=== Work instructions ===
Range to output from the entries below: the line containing "102 Pineview Court" through the line containing "Side view of". Set it down exactly, ends included, nothing else.
** Recorded data follows **
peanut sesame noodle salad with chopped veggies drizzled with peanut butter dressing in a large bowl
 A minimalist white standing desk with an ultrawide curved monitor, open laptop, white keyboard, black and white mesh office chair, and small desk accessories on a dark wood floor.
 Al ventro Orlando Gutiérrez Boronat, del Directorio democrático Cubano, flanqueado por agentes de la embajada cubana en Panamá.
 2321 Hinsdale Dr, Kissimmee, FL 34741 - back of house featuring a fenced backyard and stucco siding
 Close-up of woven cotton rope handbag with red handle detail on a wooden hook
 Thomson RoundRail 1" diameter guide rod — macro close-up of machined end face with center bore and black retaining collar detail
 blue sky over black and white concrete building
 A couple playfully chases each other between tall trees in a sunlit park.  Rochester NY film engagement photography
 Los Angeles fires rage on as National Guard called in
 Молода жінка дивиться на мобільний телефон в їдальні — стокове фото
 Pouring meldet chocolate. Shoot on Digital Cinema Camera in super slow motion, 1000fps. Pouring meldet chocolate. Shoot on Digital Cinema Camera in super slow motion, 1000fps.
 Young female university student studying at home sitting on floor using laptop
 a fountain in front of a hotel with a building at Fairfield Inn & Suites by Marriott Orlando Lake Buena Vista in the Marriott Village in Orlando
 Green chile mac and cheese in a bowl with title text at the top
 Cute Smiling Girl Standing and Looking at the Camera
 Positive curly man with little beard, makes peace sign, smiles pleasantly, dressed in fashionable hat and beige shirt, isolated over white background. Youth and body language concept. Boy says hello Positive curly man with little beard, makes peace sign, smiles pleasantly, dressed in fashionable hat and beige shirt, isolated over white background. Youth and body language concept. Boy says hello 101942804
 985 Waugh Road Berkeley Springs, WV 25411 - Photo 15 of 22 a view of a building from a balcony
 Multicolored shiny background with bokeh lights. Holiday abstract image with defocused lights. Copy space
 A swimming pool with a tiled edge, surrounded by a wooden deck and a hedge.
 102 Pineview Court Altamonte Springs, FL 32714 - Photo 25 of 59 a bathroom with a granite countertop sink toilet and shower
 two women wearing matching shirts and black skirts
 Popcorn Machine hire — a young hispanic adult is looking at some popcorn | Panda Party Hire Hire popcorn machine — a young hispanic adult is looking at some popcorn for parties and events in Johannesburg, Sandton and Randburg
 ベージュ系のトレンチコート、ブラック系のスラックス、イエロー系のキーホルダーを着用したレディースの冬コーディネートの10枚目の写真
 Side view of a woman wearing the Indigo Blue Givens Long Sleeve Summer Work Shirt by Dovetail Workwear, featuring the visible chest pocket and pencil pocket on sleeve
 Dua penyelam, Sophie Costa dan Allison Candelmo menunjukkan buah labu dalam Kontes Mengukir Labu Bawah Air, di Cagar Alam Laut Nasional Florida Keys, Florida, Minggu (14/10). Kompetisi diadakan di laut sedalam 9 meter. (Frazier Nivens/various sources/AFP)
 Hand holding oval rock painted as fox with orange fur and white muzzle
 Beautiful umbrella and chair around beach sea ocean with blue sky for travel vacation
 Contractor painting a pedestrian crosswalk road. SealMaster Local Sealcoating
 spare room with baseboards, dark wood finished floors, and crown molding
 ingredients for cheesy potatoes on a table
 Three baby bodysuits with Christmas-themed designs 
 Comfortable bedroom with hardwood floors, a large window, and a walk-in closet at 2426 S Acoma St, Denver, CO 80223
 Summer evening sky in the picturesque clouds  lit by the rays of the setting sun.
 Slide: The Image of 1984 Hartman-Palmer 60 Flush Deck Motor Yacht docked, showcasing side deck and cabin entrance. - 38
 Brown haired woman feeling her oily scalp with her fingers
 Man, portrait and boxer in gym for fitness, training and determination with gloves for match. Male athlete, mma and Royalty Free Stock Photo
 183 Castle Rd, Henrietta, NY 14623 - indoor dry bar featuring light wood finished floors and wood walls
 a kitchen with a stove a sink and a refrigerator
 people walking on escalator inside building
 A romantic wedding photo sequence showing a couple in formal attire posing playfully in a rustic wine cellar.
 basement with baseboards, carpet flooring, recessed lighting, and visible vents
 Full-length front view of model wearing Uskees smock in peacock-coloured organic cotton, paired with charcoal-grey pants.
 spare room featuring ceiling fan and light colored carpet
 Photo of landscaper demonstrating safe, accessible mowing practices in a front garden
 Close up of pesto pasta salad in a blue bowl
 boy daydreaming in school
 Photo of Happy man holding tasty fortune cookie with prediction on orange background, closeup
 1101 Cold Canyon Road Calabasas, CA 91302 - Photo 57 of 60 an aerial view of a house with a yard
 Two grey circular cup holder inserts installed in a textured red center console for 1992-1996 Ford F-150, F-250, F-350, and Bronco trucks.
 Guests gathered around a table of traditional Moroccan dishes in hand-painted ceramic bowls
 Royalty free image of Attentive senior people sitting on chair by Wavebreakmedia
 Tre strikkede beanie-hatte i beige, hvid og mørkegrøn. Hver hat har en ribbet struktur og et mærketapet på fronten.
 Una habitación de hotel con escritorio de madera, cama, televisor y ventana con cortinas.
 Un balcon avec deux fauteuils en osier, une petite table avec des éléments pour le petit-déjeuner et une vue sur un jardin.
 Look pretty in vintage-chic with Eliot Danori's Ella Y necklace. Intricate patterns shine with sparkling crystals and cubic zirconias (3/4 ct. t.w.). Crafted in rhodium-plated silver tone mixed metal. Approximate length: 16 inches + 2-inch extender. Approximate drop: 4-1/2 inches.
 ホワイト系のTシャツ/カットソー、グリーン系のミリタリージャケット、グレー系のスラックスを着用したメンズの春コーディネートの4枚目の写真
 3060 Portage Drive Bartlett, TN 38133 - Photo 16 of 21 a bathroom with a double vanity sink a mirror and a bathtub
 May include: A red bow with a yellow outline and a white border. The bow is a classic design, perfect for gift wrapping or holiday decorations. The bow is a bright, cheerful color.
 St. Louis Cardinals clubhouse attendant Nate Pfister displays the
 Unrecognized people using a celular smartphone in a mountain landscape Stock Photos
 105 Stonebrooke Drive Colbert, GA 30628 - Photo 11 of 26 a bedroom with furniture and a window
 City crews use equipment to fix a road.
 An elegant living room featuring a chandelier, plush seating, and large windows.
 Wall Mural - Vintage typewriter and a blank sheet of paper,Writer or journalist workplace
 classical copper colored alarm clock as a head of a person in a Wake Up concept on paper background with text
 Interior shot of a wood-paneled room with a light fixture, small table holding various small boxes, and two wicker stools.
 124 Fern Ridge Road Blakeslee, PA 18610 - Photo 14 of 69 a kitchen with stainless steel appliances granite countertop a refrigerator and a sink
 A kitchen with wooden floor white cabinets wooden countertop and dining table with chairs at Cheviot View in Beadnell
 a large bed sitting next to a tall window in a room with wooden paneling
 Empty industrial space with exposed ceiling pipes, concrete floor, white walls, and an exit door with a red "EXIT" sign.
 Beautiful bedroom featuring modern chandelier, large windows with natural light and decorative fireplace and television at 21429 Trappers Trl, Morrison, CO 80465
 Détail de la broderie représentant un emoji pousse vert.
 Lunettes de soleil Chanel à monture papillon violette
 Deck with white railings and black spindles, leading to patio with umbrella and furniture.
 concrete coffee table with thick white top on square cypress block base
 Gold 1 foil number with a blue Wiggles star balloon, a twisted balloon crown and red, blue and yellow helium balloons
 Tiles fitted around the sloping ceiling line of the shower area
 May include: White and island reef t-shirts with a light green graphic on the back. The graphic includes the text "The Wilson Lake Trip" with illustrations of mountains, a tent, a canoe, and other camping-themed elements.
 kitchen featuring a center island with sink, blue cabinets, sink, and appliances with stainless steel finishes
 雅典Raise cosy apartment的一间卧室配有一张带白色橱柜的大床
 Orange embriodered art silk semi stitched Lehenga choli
** End of Recorded data **
=== Response ===
 102 Pineview Court Altamonte Springs, FL 32714 - Photo 25 of 59 a bathroom with a granite countertop sink toilet and shower
 two women wearing matching shirts and black skirts
 Popcorn Machine hire — a young hispanic adult is looking at some popcorn | Panda Party Hire Hire popcorn machine — a young hispanic adult is looking at some popcorn for parties and events in Johannesburg, Sandton and Randburg
 ベージュ系のトレンチコート、ブラック系のスラックス、イエロー系のキーホルダーを着用したレディースの冬コーディネートの10枚目の写真
 Side view of a woman wearing the Indigo Blue Givens Long Sleeve Summer Work Shirt by Dovetail Workwear, featuring the visible chest pocket and pencil pocket on sleeve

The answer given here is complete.